▶ _Recorded information_:
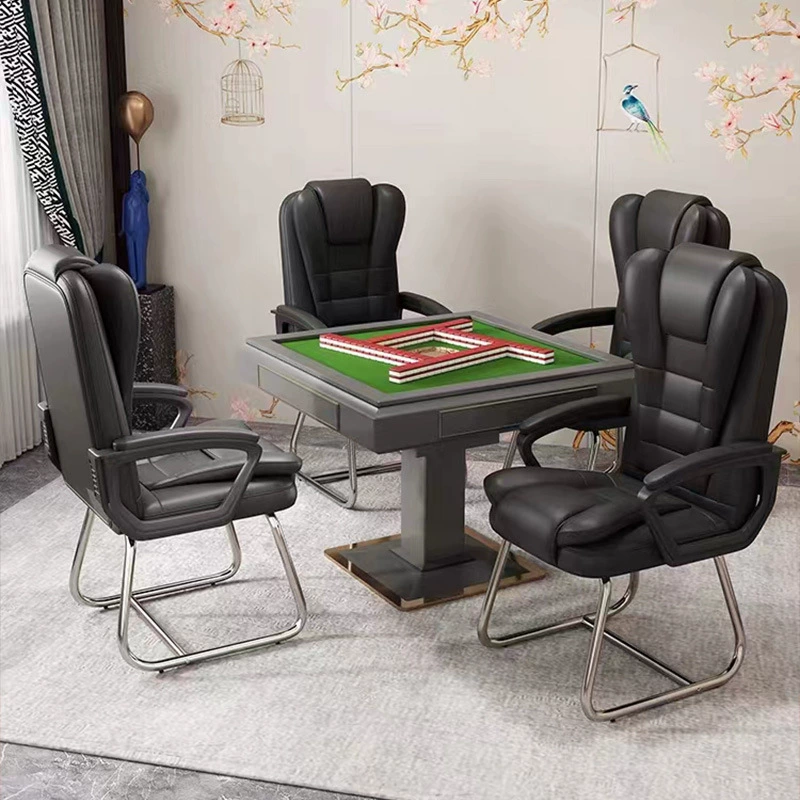 Шахматы и карточная комната специальный стул маджонг сидячий удобный общий стул маджонг стол маджонг машина стол специальный стул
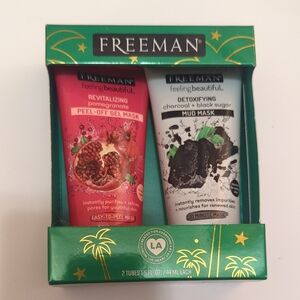 Freeman Pomegranate Gel and Charcoal Mud Mask Set
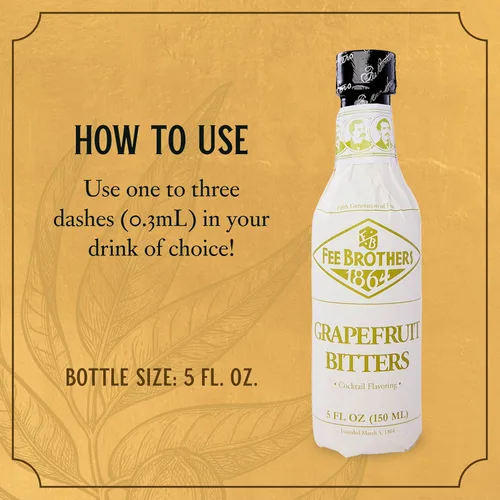 Vista 3 de Bíter Fee Brothers, cóctel de chocolate azteca, 5 onzas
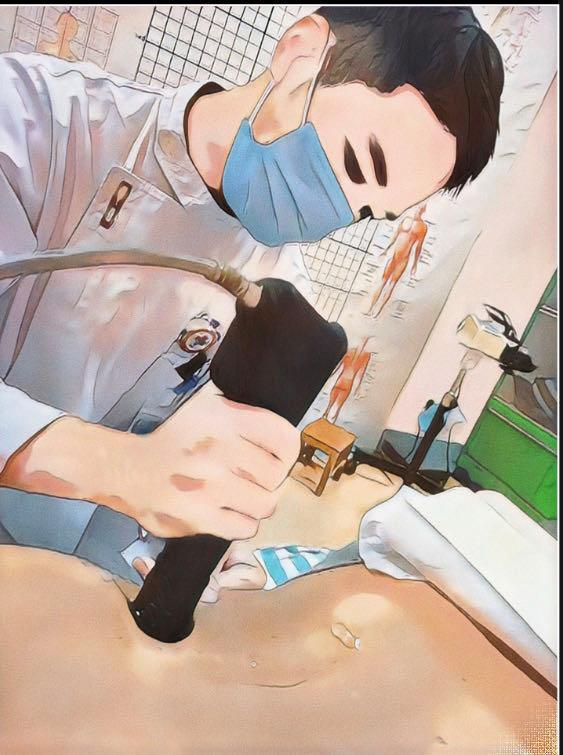 腰背痛治疗神器,冲击波治疗腰腿痛视频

▶ _What is being asked_:
No pictures go in the copy. Set down all the data exactly.

▶ _Finished exercise_:
 Шахматы и карточная комната специальный стул маджонг сидячий удобный общий стул маджонг стол маджонг машина стол специальный стул
 Freeman Pomegranate Gel and Charcoal Mud Mask Set
 Vista 3 de Bíter Fee Brothers, cóctel de chocolate azteca, 5 onzas
 腰背痛治疗神器,冲击波治疗腰腿痛视频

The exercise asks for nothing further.